## Exercise prompt
Once the line with "Detská zavinovačka New" is found in the data, output it and each following line exactly, up to and including the line with "Widow Holiday Card", and nothing before or after.

════════════════════

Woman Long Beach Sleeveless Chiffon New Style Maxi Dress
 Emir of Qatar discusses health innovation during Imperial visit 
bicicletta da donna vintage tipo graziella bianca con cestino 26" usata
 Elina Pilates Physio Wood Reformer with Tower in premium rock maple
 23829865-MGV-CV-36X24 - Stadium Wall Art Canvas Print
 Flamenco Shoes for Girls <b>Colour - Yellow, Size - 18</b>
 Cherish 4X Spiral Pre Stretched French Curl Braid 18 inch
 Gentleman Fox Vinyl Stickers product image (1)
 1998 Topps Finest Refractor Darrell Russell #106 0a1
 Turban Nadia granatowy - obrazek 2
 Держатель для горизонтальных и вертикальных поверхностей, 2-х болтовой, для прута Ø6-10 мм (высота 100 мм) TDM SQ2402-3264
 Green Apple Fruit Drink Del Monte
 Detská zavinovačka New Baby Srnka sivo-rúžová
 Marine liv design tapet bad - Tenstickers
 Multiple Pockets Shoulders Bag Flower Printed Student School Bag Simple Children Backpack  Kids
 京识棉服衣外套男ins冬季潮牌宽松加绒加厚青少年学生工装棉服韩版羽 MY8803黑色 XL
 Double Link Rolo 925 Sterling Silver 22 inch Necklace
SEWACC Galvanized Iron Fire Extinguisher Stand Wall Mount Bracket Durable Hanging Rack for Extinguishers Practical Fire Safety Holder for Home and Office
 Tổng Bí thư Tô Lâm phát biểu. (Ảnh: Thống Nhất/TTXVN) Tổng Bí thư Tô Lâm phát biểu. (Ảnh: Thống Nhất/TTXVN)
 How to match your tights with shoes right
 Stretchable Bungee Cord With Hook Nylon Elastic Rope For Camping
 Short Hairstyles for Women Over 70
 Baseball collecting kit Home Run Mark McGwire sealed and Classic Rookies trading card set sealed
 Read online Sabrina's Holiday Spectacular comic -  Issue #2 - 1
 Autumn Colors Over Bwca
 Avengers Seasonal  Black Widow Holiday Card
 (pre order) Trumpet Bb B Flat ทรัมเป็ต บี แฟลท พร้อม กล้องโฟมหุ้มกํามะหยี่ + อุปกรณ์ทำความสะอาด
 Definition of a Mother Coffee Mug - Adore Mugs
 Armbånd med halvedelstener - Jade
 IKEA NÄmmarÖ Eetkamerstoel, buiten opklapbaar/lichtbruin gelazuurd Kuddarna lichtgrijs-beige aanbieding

════════════════════

## Response box
 Detská zavinovačka New Baby Srnka sivo-rúžová
 Marine liv design tapet bad - Tenstickers
 Multiple Pockets Shoulders Bag Flower Printed Student School Bag Simple Children Backpack  Kids
 京识棉服衣外套男ins冬季潮牌宽松加绒加厚青少年学生工装棉服韩版羽 MY8803黑色 XL
 Double Link Rolo 925 Sterling Silver 22 inch Necklace
SEWACC Galvanized Iron Fire Extinguisher Stand Wall Mount Bracket Durable Hanging Rack for Extinguishers Practical Fire Safety Holder for Home and Office
 Tổng Bí thư Tô Lâm phát biểu. (Ảnh: Thống Nhất/TTXVN) Tổng Bí thư Tô Lâm phát biểu. (Ảnh: Thống Nhất/TTXVN)
 How to match your tights with shoes right
 Stretchable Bungee Cord With Hook Nylon Elastic Rope For Camping
 Short Hairstyles for Women Over 70
 Baseball collecting kit Home Run Mark McGwire sealed and Classic Rookies trading card set sealed
 Read online Sabrina's Holiday Spectacular comic -  Issue #2 - 1
 Autumn Colors Over Bwca
 Avengers Seasonal  Black Widow Holiday Card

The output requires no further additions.